You wrote so honestly about a very painful situation and I agree with previous poster (postee?) that you raised interesting questions.
Sad but very beautiful. Thank you for sharing your journey. fc
Oh, ~V~, I knew the anniversary was coming close. Your entry is a tribute that goes a lot deeper than even tears or all the platitudes people always say or think of.
I'm here if you need to talk, you know I've walked this path before with my mother and sister...you know I'm always here to listen. Come to tea, to talk or not talk, to just be...
~Y~
My condolences, however, they have gone to a better place, without pain, where it is so peaceful you can't imagine. If you got a minute read my story.

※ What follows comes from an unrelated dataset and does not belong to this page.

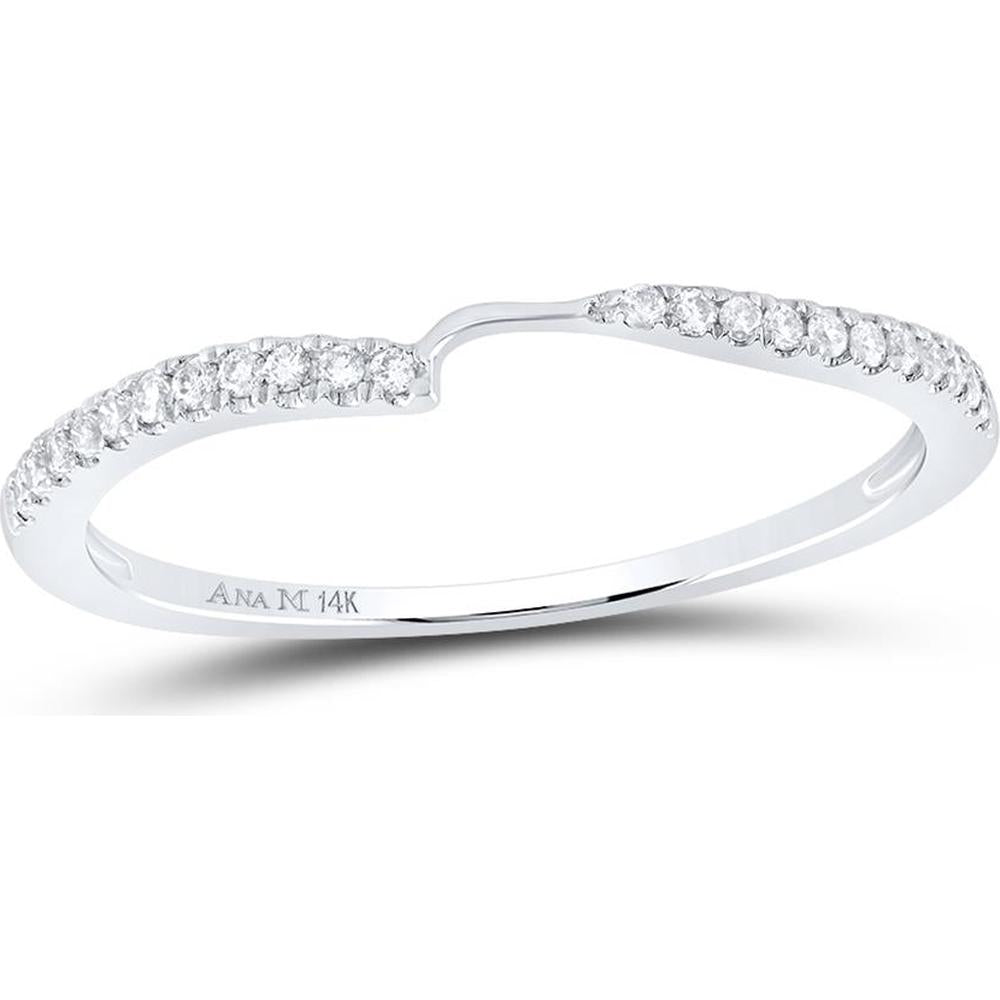 GND 14K White Gold Round Diamond Pave Wedding Band - 0.25 Carat Total Diamond Weight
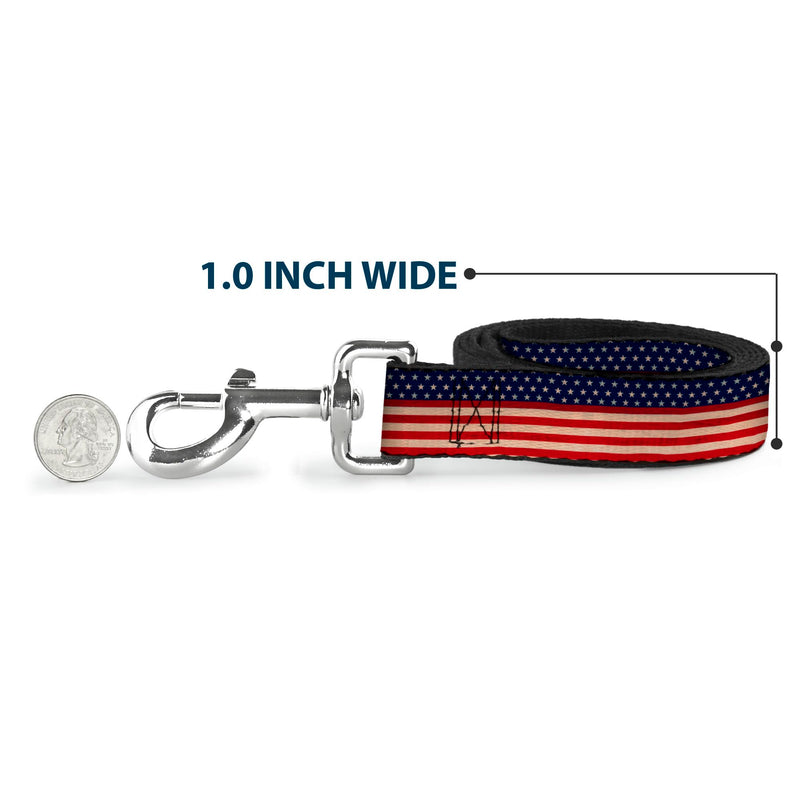 Dog Leash American Flag Stripe 6 Feet Long 0.5 Inch Wide 6 Feet Long - 1/2" Wide - PawsPlanet Australia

http://myothergeminiself.blogspot.com/2006/05/it-happened-march-8th-2002.html
Wow ...thank you all so much for your comments and kind words. I know this is part of life--something we all go through--and we all deal with it in our own way. I want you to know that I truly appreciate your insights ... ~v
Beautiful post, Bibi. I've been back three times now. It's a wonderful reminder of what's important!
Whereever he is, just believe that he loves you.
Thank you Andrea ... and Charles. I appreciate your sentiment.